I’m so tired of preservationists, whether environmental or historical, weighing in on some poor landowner’s efforts to sell a parcel that at one time was farmland and now has little value for farming to a developer, whether for a housing subdivision or shopping center.
Here in Virginia both environmental and historical land grabs are always in the news. Now Walmart wants to build a store near a Civil War battlefield called Wilderness. Preservationist, including Ben Stein, writing in The American Spectator, whine that:
This battlefield is incredibly important environmentally and historically and emotionally. It reeks of the blood of men fighting for causes they considered sacred. How can it possibly be that it will be used even in part for a Wal-Mart Super Store?
Maybe that’s because it’s unused farmland that has litte value for anything else. And, in a free society we let the market decide what something, like land, is worth. I think Stein used to believe in old ideas like capitalism and free markets.
If every piece of ground that a Union or Confederate soldier walked on was preserved, the entire Commonwealth of Virginia would be a giant historical park. The War of Northern Aggression was largely fought right here in Virginia. I live in a small town on the border of Northern Virginia and the rest of the state. The war was fought all around my house, neighborhood, town, county and region.
You can’t go far in this state without traipsing on some historically sensitive yard of real estate. Also, given that European settlers arrived here more than 400 years ago that’s a lot of potentially “sacred” ground.
Stein writes:
There is plenty of other land in the area that is not historically sensitive.
But that land is not for sale, and even if it was there’s no doubt a privy hole or slave quarters or something that someone at some time in the past four centuries has done something on, that some one or some group will decide is historically significant and worthy of preservation. One of the few types of farming that continue to thrive in modern Virginia is the planting of historical markers.
There is ample precedent for commerce to be informed by national emotion: Top brass at Walt Disney canceled its plans for an amusement park at or near the Battlefield at Manassas when its attention was drawn to the vital historical nature of the area some years ago.
Oh yea, let’s talk about the third Battle of Manassas. Disney did indeed cancel its plans for a giant amusement park that including housing developments, golf courses, shopping centers galore, new roads to handle the traffic, schools and other amenities required for growth.
Yep. The preservationist killed Disney’s plans.
But guess what? The development still came! On that same hallowed, blood-soaked ground that Disney would have desecrated is a colosal hodgepodge of high end golf course communities, town homes and shopping centers galore, without the needed roads, schools and other amenities.

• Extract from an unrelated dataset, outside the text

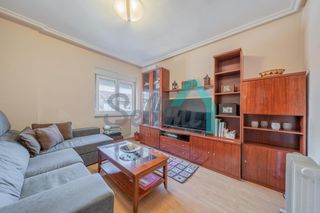 Miete Etagenwohnung  Calle victor hevia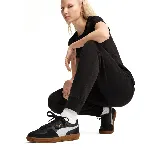 Pantalón de jogging negro con cintura elástica y logo Puma estampado en blanco en el muslo izquierdo.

Oh sure they’re widening the roads now, and schools have come along as well. But the point is, the effort to kill Disney didn’t stop the development, only delayed it and created a traffic nightmare that would have been avoided had Disney’s comprehensive plan been approved.
And on top of that, it all arrived with nary a peep of protest from the no-growth crowd that cried blood murder over Disney.

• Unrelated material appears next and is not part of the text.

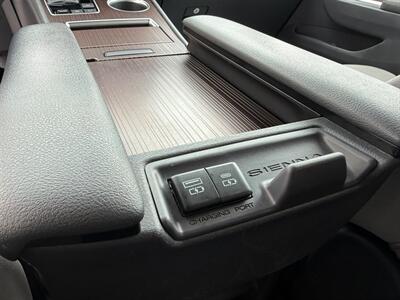 2022 Toyota Sienna LE 8-Passenger   - Photo 10 - Winnipeg, MB R2J 3T3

I don’t particularly care for Walmart. Sure their stuff’s cheap (yea and I buy groceries from there), but for the most part you get what you pay for. You want cheap squirt guns for your kid’s summer birthday party? Walmart’s got ‘em for a buck each. Trouble is for $20 you might end up with four that actually squirt water. You get what you pay for.
Back to the Wilderness Walmart, I don’t care whether or not the unused farmland/historic battlefield/potential golf course community becomes a giant Walmart parking lot.

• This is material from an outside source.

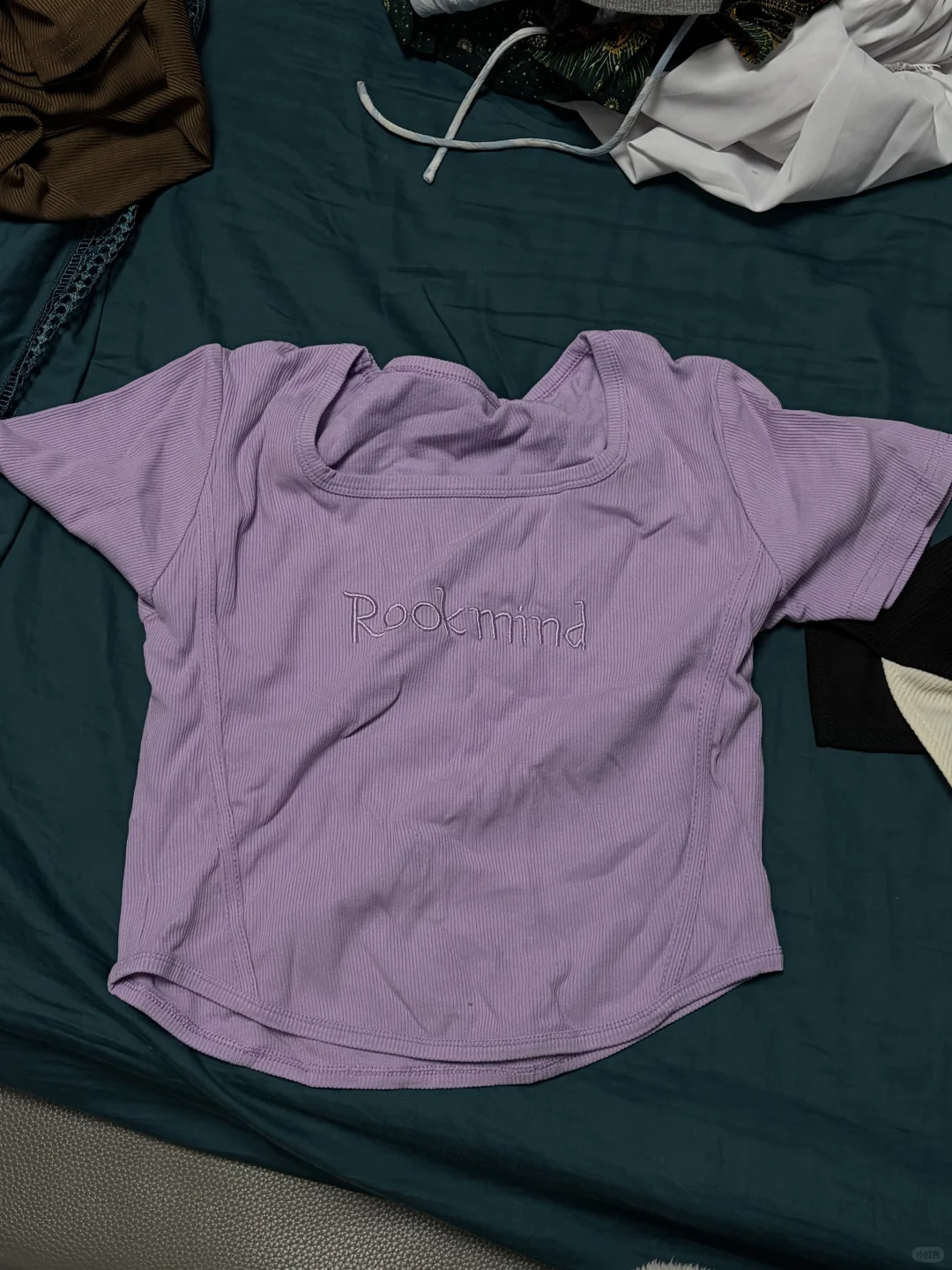 付邮免费送🆓小吊带各种衣服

But for those who do, why don’t you raise the millions that Walmart will pay the owner for the land and buy the parcel yourself? Quit using the power of the state, or in this case the county zoning office, to restrict the lawful owner from disposing of the property legally in the way he wants and restricting a lawful business from expanding in the way it wants.
And after you’ve bought the land, how about raising a couple billion more to give the county for the lost sales tax revenue that Walmart would have provided. Oh and while you’re at it, maybe you can hire a couple hundred local folks, dress them in Civil War uniforms instead blue Walmart shirts, and have them stand around looking historical.